There is no doubt that there is growing discontent with France in its former playground, and that Russia is growing in chaos and its institutions are filling the gap as France retreats, Grozde noted.

He also noted that Russia’s social media activity, along with promoting pro-Kremlin messages, builds on “existing fault lines, such as anti-French or anti-gay sentiments” and rivalries between political blocs.

“Countries like South Africa have really bought into the Russian narrative of being an anti-colonial power, supporting the little guy, having a superpower and having that superpower, which is the United States, is not good for the world, it has to be Multipolarity, which requires alternating power sources and power distribution, Groz explained.

It resonates, and it resonates strongly, and it resonates strongly with countries that have been marginalized by the West.

African countries are not “grounds for great power competition”.

In just the past month, Lavrov, China’s new foreign minister, Kevin Gang, and US Treasury Secretary Janet Yellen have all embarked on African trips, with Yellen scheduled to meet with South African President Cyril Ramaphosa this week.

US Secretary of State Anthony Blinken, French President Emmanuel Macron and German Chancellor Olaf Schulz also visited the continent last year, while US President Joe Biden hosted the US-Africa summit in December. which is seen as an attempt to restore some of the influence that Washington has lost. to China in the last decade or so.

Both Tafuro and Grozde noted that the flurry of diplomatic activity should not be seen as a “scramble for Africa”, as the continent’s bargaining power means it is now firmly on the table.

I think from an African point of view, we prefer not to be classified as just an arena of great power competition, but we have to recognize that African governments and African societies are active in their own right, so they are not pawns in anybody’s hands. They are the players sitting around the board, Gruzd said.

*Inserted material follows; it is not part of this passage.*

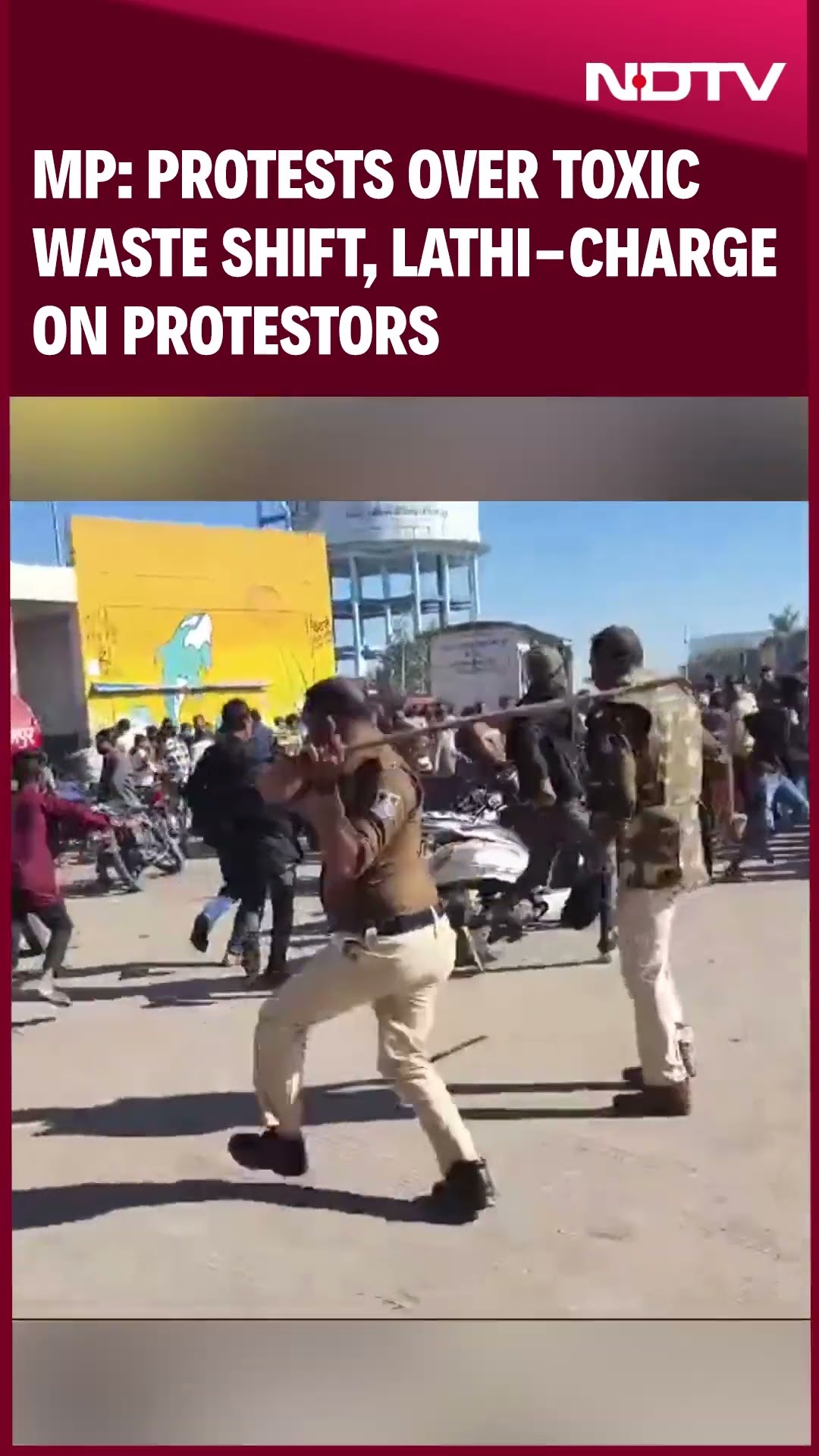 Bhopal News | 2 Men Set Themselves On Fire To Protest Disposal Of Union Carbide Waste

GOURI ISLAND, SENEGAL – JANUARY 21, 2023: U.S. Treasury Secretary Janet Yellen (R) receives a diploma of the Grand Pilgrim of Gouri Award from Gouri lawyer and mayor Augustin Sengar (L) during a visit to Gouri Island off the coast of the city. Dakar on January 21, 2023.

SEYLLOU/AFP via Getty Images

Tafuro also argued that comparing it to the Cold War or simplifying diplomatic visits to competition for resources misses the major paradigm shift that is currently underway.

“Sometimes we forget that these African countries have their own agency and that ultimately it is up to them to decide whether relations with China, Turkey or Russia are worthwhile and whether it is in their best interest to maintain a balanced approach. Anyone who wants to do business, does business.

It’s also up to them to shape their relationships with these foreign players.”